Second Stage: Option QDEC
In order to run a QDEC group analysis (described in the QDEC tutorial), you need a qdec table. Since qdec cannot really work with the longitudinal qdec tables yet, you have to shrink it into a cross sectional form. Use
long_qdec_table --qdec ./qdec/long.qdec.table.dat --cross --out ./qdec/cross.qdec.table.dat
to create a table with only a single line for each subject. In this table fsid will contain each subject's base (within-subject template) id, because that is the location where we have stored the results of the first stage above. In this cross sectional table, for each subject, numerical values such as age or height will be averaged across time, other values will be copied from the first time point as ordered in the input table. You see that time-varying covariates are not possible with this 2-stage approach. If you are interested in working with time-variying covariates, you need to use LinearMixedEffectsModels.
Also QDEC will not know about our new files (e.g. lh.long.thickness-spc...).
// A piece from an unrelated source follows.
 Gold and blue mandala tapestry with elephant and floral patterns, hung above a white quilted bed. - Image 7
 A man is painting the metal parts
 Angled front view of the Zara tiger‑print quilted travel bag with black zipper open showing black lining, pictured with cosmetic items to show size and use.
We can tell it to look for them by creating a $SUBJECTS_DIR/qdec/.Qdecrc file in the qdec directory that contains the following lines:
MEASURE1 = long.thickness-avg MEASURE2 = long.thickness-rate MEASURE3 = long.thickness-pc1 MEASURE4 = long.thickness-spc
You can then run QDEC and do all kinds of analysis on any of those files and other variables from the qdec table:
qdec --table ./qdec/cross.qdec.table.dat
You will see in the Design tab, that you can now select e.g. long.thickness-rate under Measure as the dependent variable.
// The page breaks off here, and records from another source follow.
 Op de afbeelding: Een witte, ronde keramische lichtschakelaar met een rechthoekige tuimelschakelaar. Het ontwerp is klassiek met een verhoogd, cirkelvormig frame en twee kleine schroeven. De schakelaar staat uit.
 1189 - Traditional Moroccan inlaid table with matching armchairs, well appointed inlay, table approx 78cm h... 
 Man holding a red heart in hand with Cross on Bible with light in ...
Second Stage: Option mri_glmfit
Instead of Qdec you can, of course, run mri_glmfit directly (either with your own design matrices or FSGD files). When using the --qcache fsaverage flag, the output of the first stage above is stored in the subject-template (base), one file per subject, already mapped to fsaverage space at all or the specified smoothing levels. Those files are named <base>/surf/lh.long.thickness-spc.fwhm5.fsaverage.mgh. You can simply stack them yourself (mri_concat) or better use one of the ouput flags of long_mris_slopes , e.g. --stack-spc or --stack-rate to obtain the stacks directly, which can then be used in mri_glmfit. When creating your own FSGD file make sure the order of the subjects is the same as the order used in the long.qdec table for the stacking.
For example, for a one sample group mean to test if the percent thickness change is different from zero, you'd run:
long_mris_slopes --qdec long.testretest.qdec \ --meas thickness \ --hemi lh \ --sd $SUBJECTS_DIR \ --do-pc1 --do-label \ --generic-time \ --fwhm 15 \ --qcache fsaverage \ --stack-pc1 lh.testretest.thickness-pc1.stack.mgh \ --isec-labels lh.testretest.fsaverage.cortex.label mri_glmfit --osgm \ --glmdir lh.testretest.thickness-pc1.fwhm15 \ --y lh.testretest.thickness-pc1.stack.fwhm15.mgh \ --label lh.testretest.fsaverage.cortex.label \ --surf fsaverage lh tksurfer fsaverage lh pial -overlay lh.testretest.thickness-pc1.fwhm15/osgm/sig.mgh
To test if percent volume changes of aseg structures are different from zero, you'd run:
long_stats_slopes --qdec long.testretest.qdec \ --stats aseg.stats \ --meas volume \ --sd $SUBJECTS_DIR \ --do-pc1 \ --generic-time \ --stack-pc1 testretest.aseg-pc1.stack.txt mri_glmfit --osgm \ --glmdir testretest.aseg-pc1 \ --table testretest.aseg-pc1.stack.txt cat testretest.aseg-pc1/sig.table.dat
See the Group Analysis Tutorial for more details on mri_glmfit.